### Task objective
Copy out exactly, and only, the lines from the one containing "堡垒之夜火山喷泉位置介绍" through the end of the entries. No pictures.

### Provided records
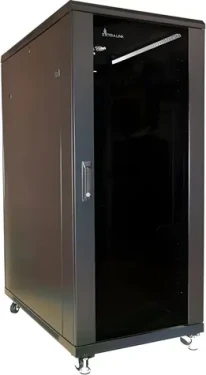 Extralink 32U 800x800 černá / Stojanový rozvaděč / 19" / skleněné dveře / nosnost 600 kg (EX.14411)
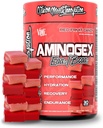 VMI Sports Aminogex Ultra Beeg 124; BCAA pulver XX 124; Aminosyrer + betain og Glutamine Beeg 124; Aminosyre Post Workout Inddrivelse Drink 124; Intra Workout Drink med Elektrolytes Beeg 124; (30 Servering) (Rød Frugtslik)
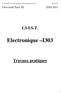 L3-I.S.T. Electronique I303 Travaux pratiques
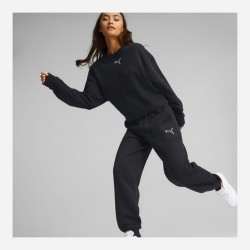 Puma Loungewear Suit Fl G Tuta Girocollo Bambina Ragazza Nera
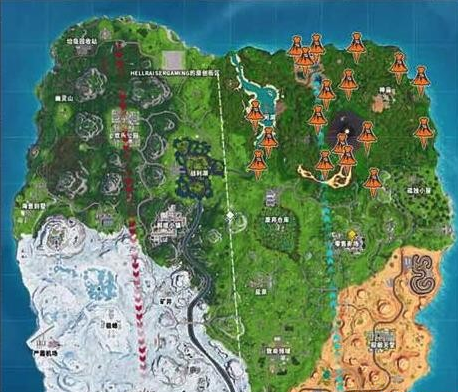 堡垒之夜火山喷泉位置介绍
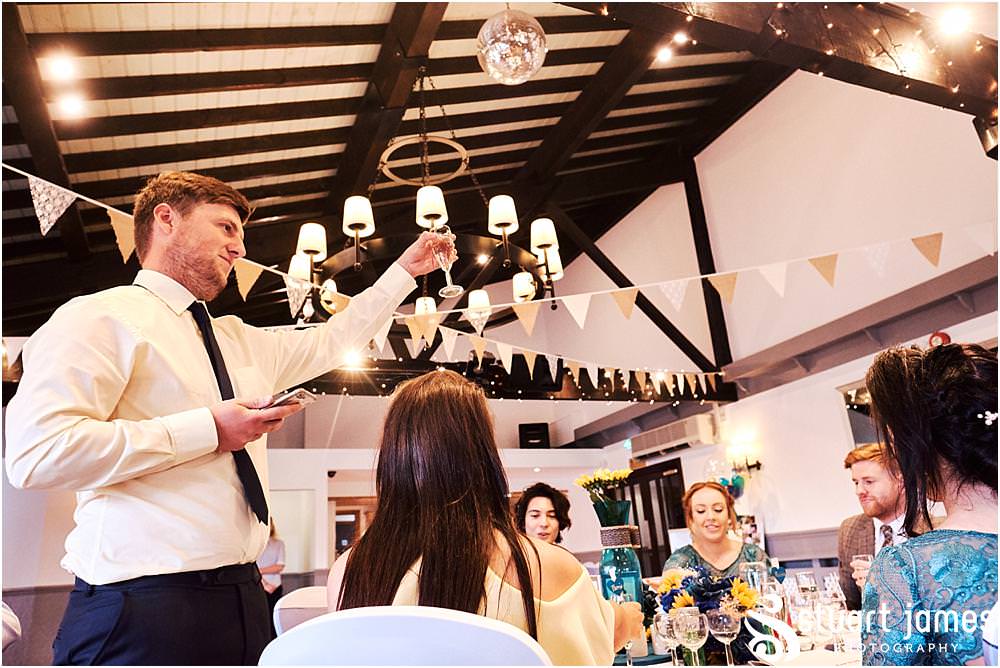 Capturing the reactions to the fabulous speeches bringing the memories to life at Oak Farm Hotel in Cannock - Oak Farm Wedding Photographs by Stuart James
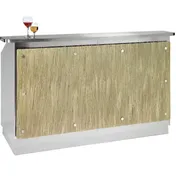 Lakeside 76111 Wilson 50 lb. Ice Bin (2) 7-Bottle Speed Rail-72" Portable Bar 1 image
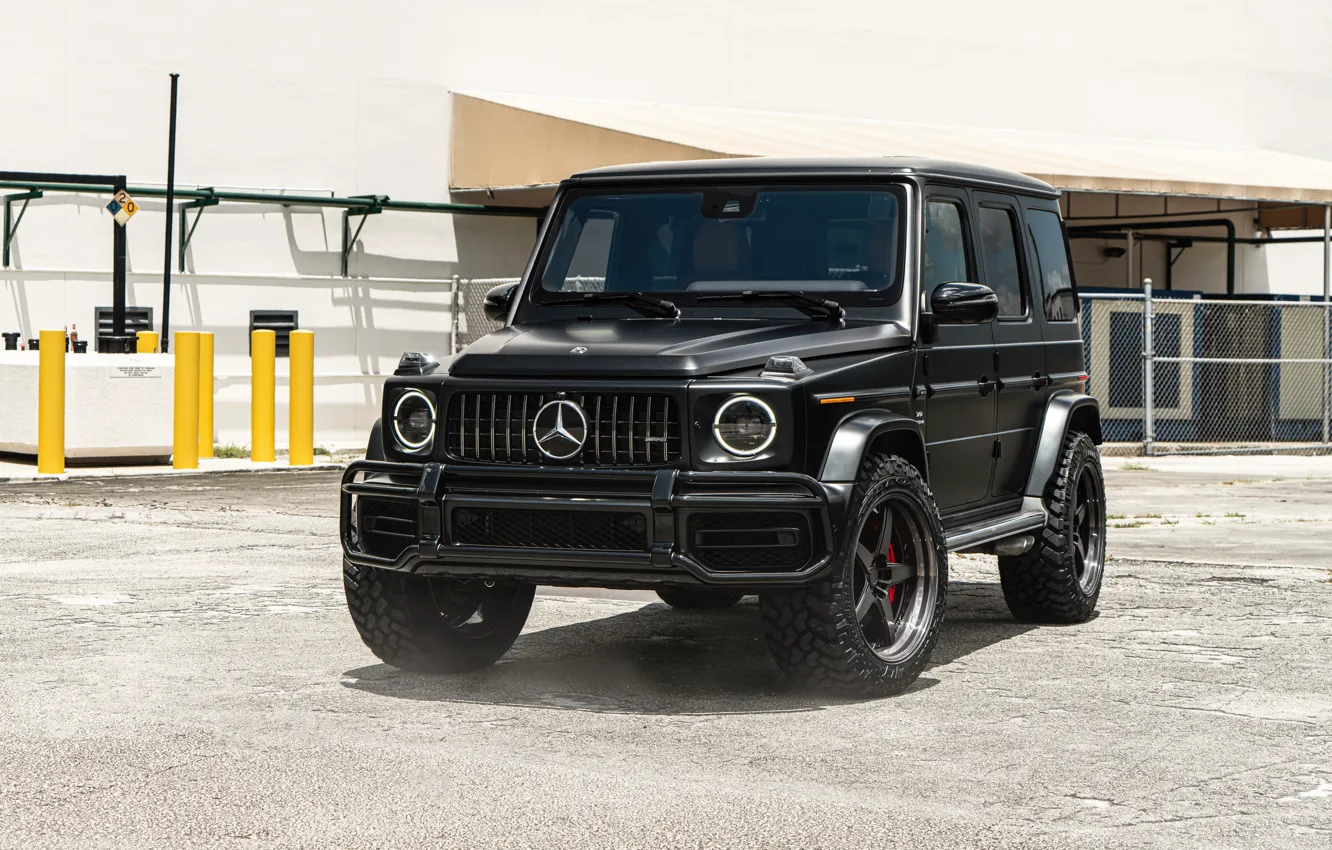 Photo wallpaper Mercedes-Benz, Mercedes, black, G Class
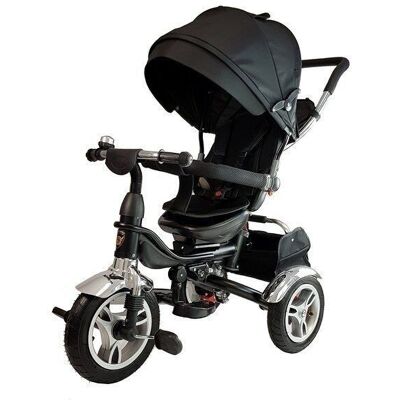 Tricycle stroller with sun canopy black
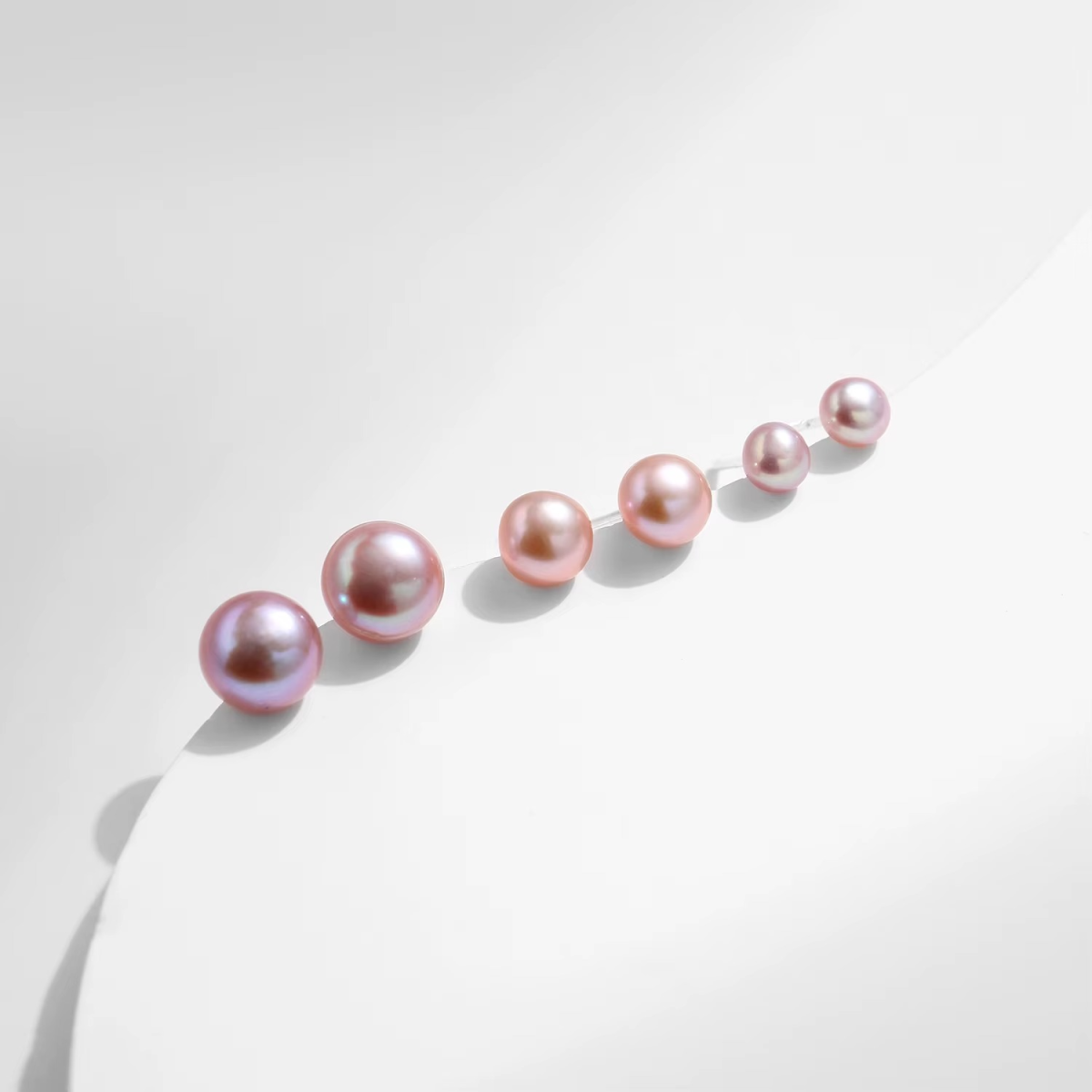 Classic Freshwater Pearls Stud Earrings - Image 4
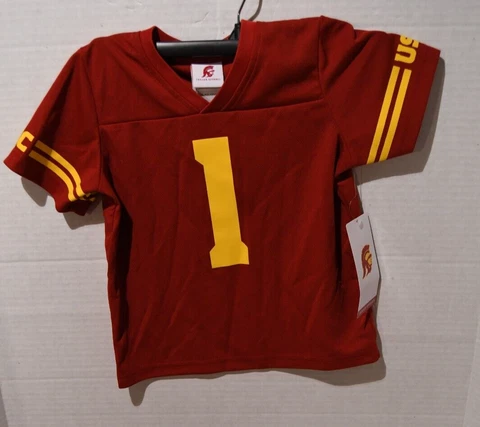 USC TROJANS TODDLER 3T USC TROJANS # 1 Jersey  New with Tags Cover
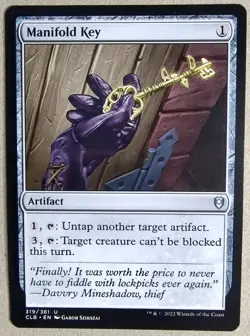 Manifold Key - CL: Battle for Baldur's Gate (CLB) - Uncommon Reg - NM - MTG - Image 1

### Your solution
 堡垒之夜火山喷泉位置介绍
 Capturing the reactions to the fabulous speeches bringing the memories to life at Oak Farm Hotel in Cannock - Oak Farm Wedding Photographs by Stuart James
 Lakeside 76111 Wilson 50 lb. Ice Bin (2) 7-Bottle Speed Rail-72" Portable Bar 1 image
 Photo wallpaper Mercedes-Benz, Mercedes, black, G Class
 Tricycle stroller with sun canopy black
 Classic Freshwater Pearls Stud Earrings - Image 4
 USC TROJANS TODDLER 3T USC TROJANS # 1 Jersey  New with Tags Cover
 Manifold Key - CL: Battle for Baldur's Gate (CLB) - Uncommon Reg - NM - MTG - Image 1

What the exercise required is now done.